EXERCISE INSTRUCTIONS: Beginning at the line that contains "Canton GLE 50 Center S2 - White", reproduce the entries below exactly, ending with the line that contains "ZEEYA-RUHANI SERIES 1501-1504". Omit each picture.

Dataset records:
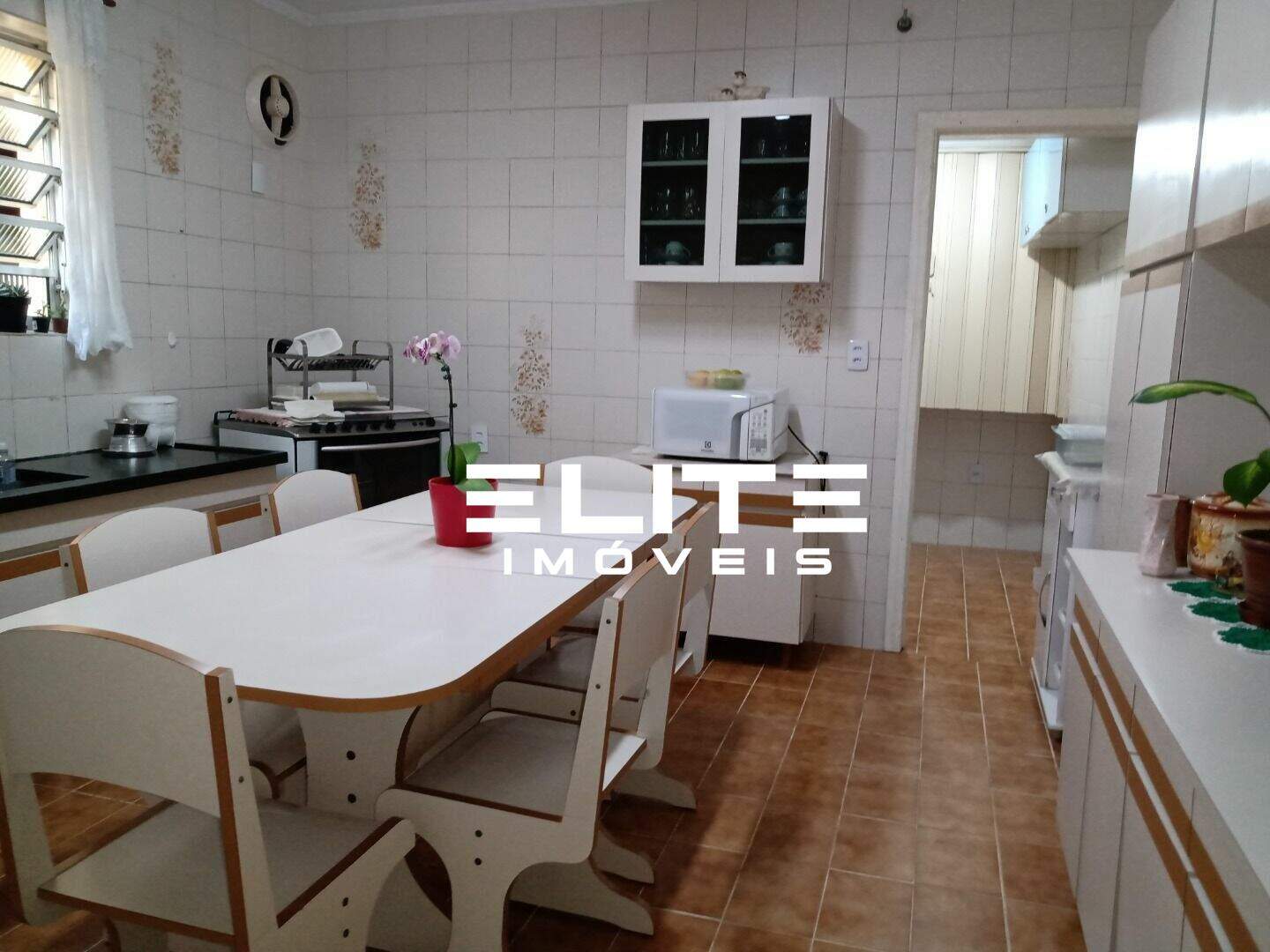 Sobrado à venda no Assunção: 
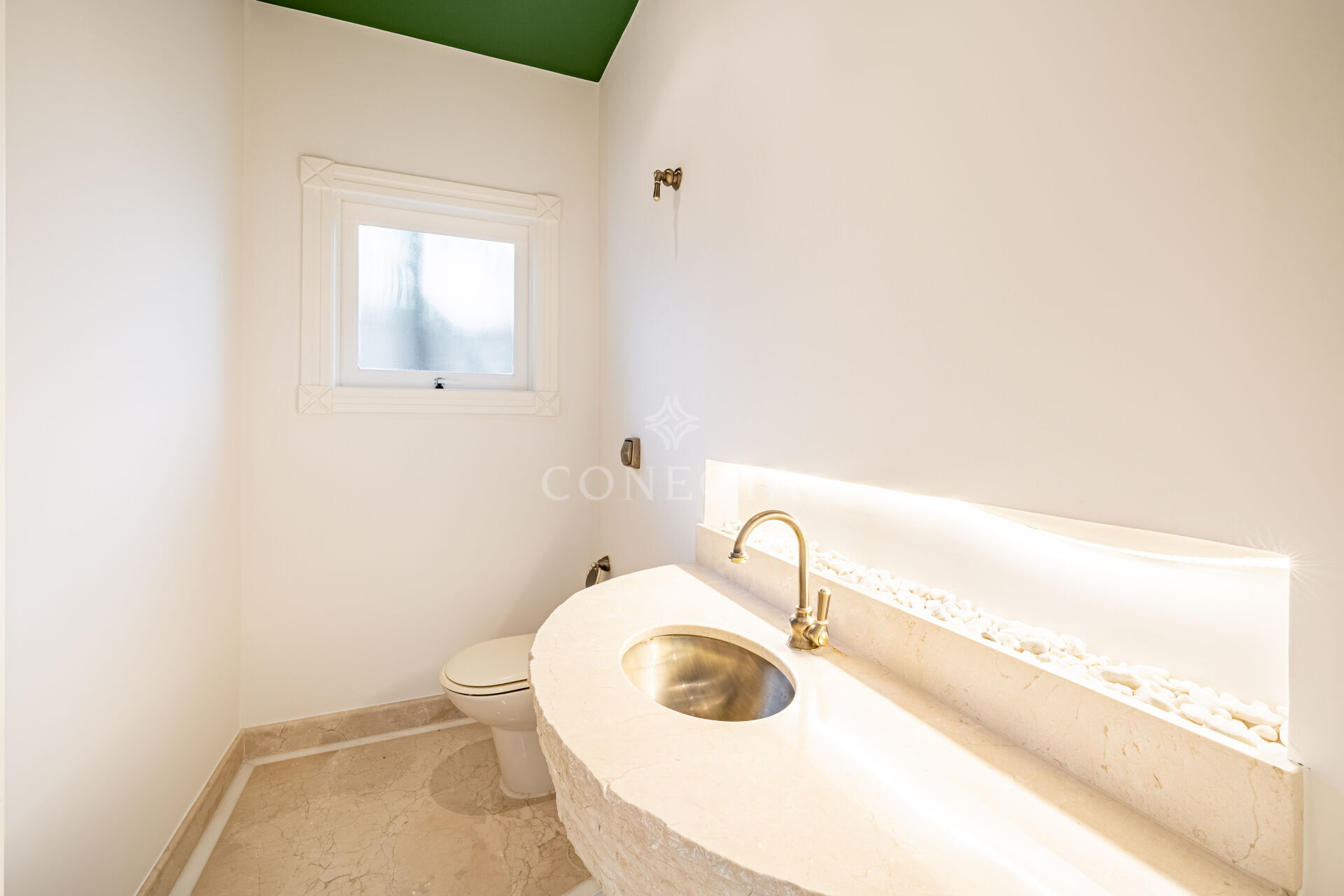 Casa, 4 quartos, 450 m² - Foto 23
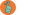 Logo di ASSOCIAZIONE PICENUM LEGACY-ASSOCIAZIONE DI PROMOZIONE SOCIALE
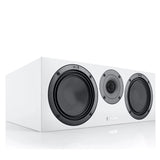 Canton GLE 50 Center S2 - White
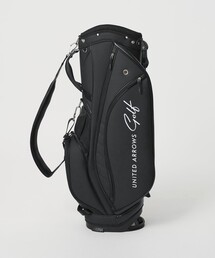 キャディバッグ」に該当するファッション通販 - ZOZOTOWN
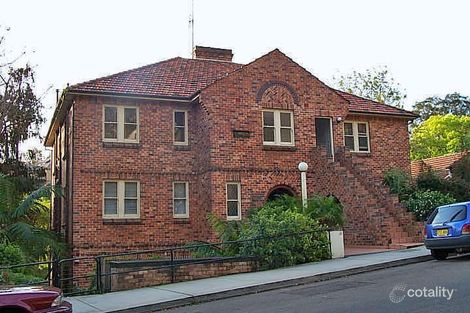 3/20 Avenue Rd, Mosman, NSW 2088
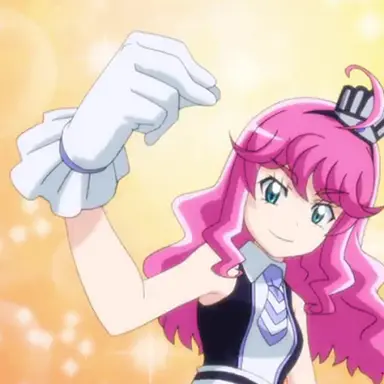 Profile image of 초신비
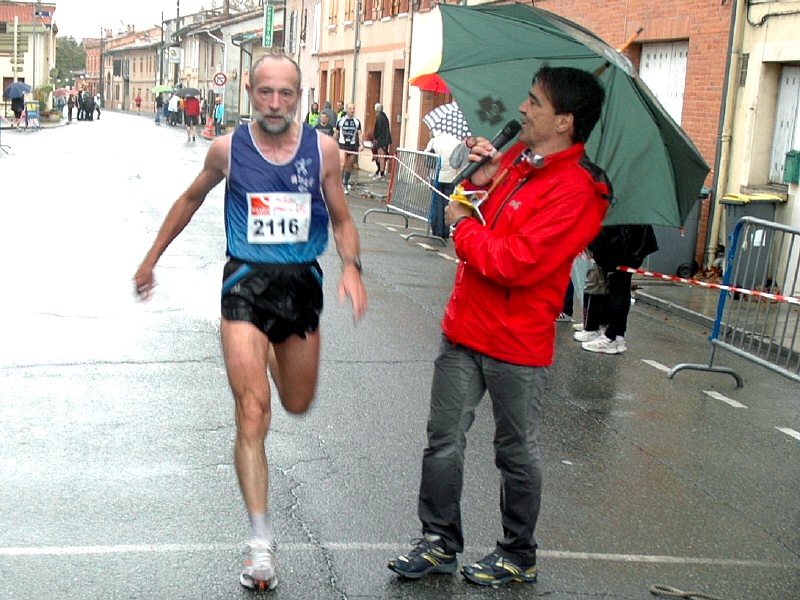 Une Foulée pour la Vie 2011 0119.jpg
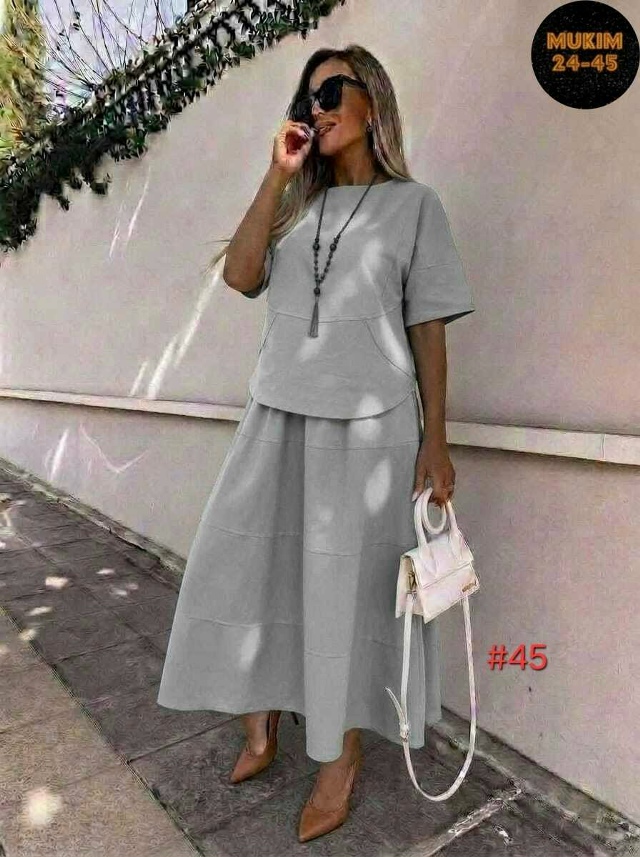 transparent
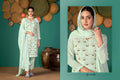 ZEEYA-RUHANI SERIES 1501-1504 Anant Tex Exports Private Limited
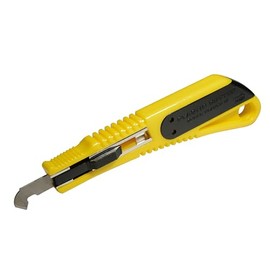 Surtek CUTA1 Cortador para Acrílico Navaja Reemplazable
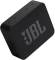Миниатюра JBL Go Essential 2 Black JBLGOES2BLKEU, фото 2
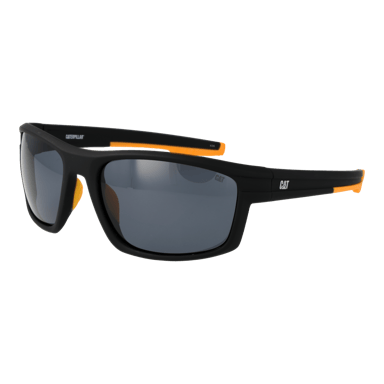 Caterpillar Sunglasses CTS-MOTOR 104P 62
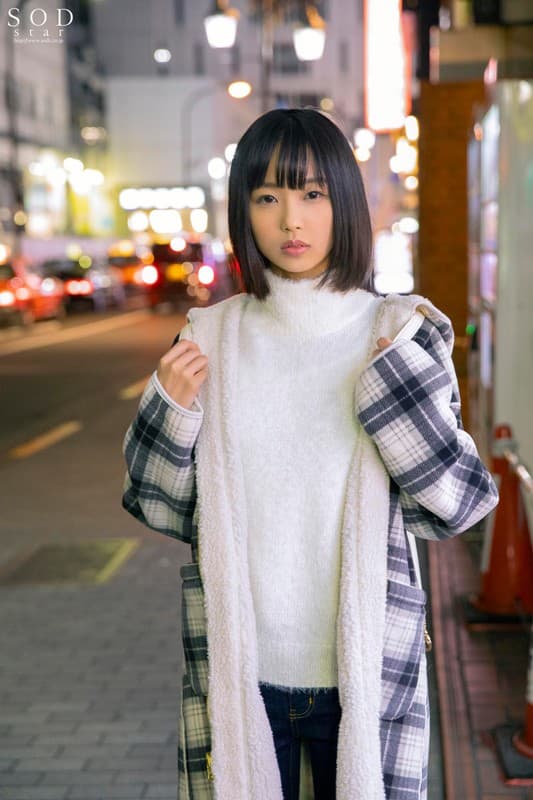 Sample 1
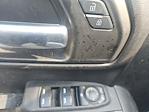 2024 GMC Sierra 1500 Double Cab 4WD Pickup for sale #16776Z - photo 4
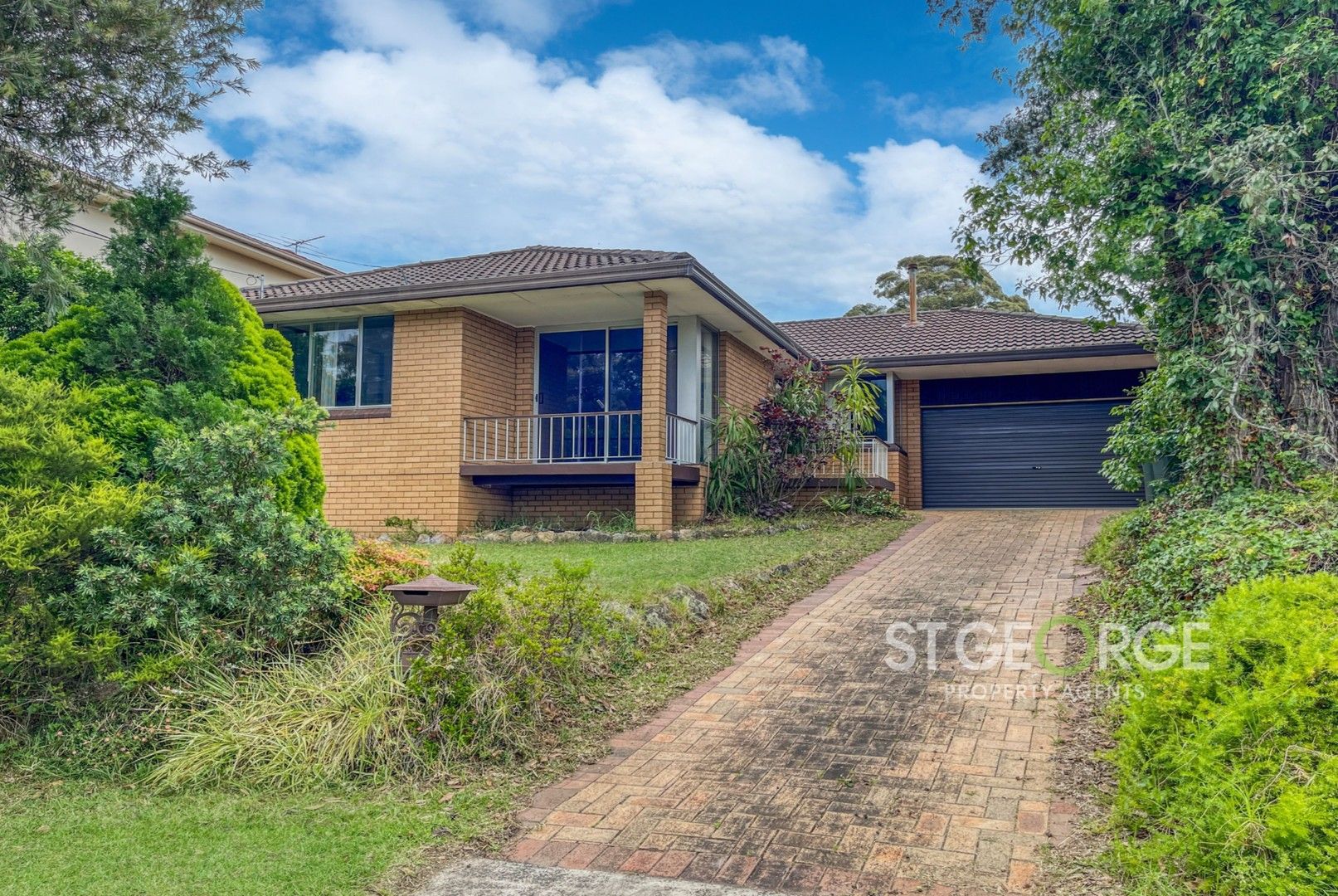 Mortdale NSW 2223 3 beds house for Rent, 780 per week 16786263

WRITTEN RESPONSE:
 Canton GLE 50 Center S2 - White
 キャディバッグ」に該当するファッション通販 - ZOZOTOWN
 3/20 Avenue Rd, Mosman, NSW 2088
 Profile image of 초신비
 Une Foulée pour la Vie 2011 0119.jpg
 transparent
 ZEEYA-RUHANI SERIES 1501-1504 Anant Tex Exports Private Limited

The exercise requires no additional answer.